Dáil debates

Thursday, 12 July 2018

Insurance (Amendment) Bill 2018: Committee and Remaining Stages

 

7:35 pm

Photo of Michael D'ArcyMichael D'Arcy (Wexford, Fine Gael) | Oireachtas source

At that stage our expectation is that when the fund reaches €150 million, the levy will be reduced to 1% and take the fund to €200 million. The rate will revert to zero at that point because €200 million is the appropriate figure for the fund.
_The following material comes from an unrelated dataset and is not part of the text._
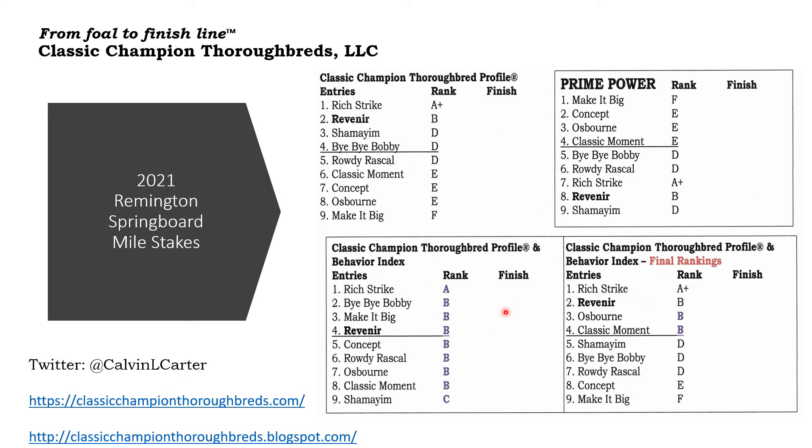Thank you for watching the video and good luck with your wagering. If you'd like more information about my success picking yearlings at sale, you can contact me through my website here or message me on Twitter, Calvin L. Carter. Thank you for watching.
In the review of the framework for motor insurance in Ireland, it was recommended that the 35% payment from industry be made via the Motor Insurers' Bureau of Ireland, MIBI. The industry opposed this approach, as in its view it created an open-ended exposure, and the industry would never know what is its obligations. In other words, it could be 35% of a very small amount or a very large amount, depending on the size of the insurer going into liquidation. Industry argues this would create uncertainty and unpredictability, leading to higher capital charges. It also made the case that the proposal would make Ireland unattractive to new entrants. Instead, the industry proposed the establishment of an ex antefund into which it would make a contribution equivalent to 2% of gross motor insurance premiums. Such a fund, once built, would allow the industry to meet its obligations. It would also create certainty as to what an insurer's exposure would be in any year to an insolvency, and it was indicated that a similar level of certainty is found in the UK and French models.

The option for the State to advance the necessary funds to the ICF to cover the full 100% compensation for third party motor insurance and recover the money by the existing 2% levy over time was one of the options considered in the regulatory impact analysis carried out in preparing the general scheme of the Bill, which was rejected in favour of the current proposal. In adopting the approach I have outlined, the Minister is seeking to strike a balance between protecting third party claimants affected by an insolvency and minimising the exposure to the Exchequer, particularly in the event of an insolvency of a larger insurer. At the same time, the Minister is seeking to ensure that industry shares the burden of the increased coverage of the ICF while creating predictability and certainty for industry with respect to the exposure in the case of financial insolvency and maintaining attractiveness for new entrants.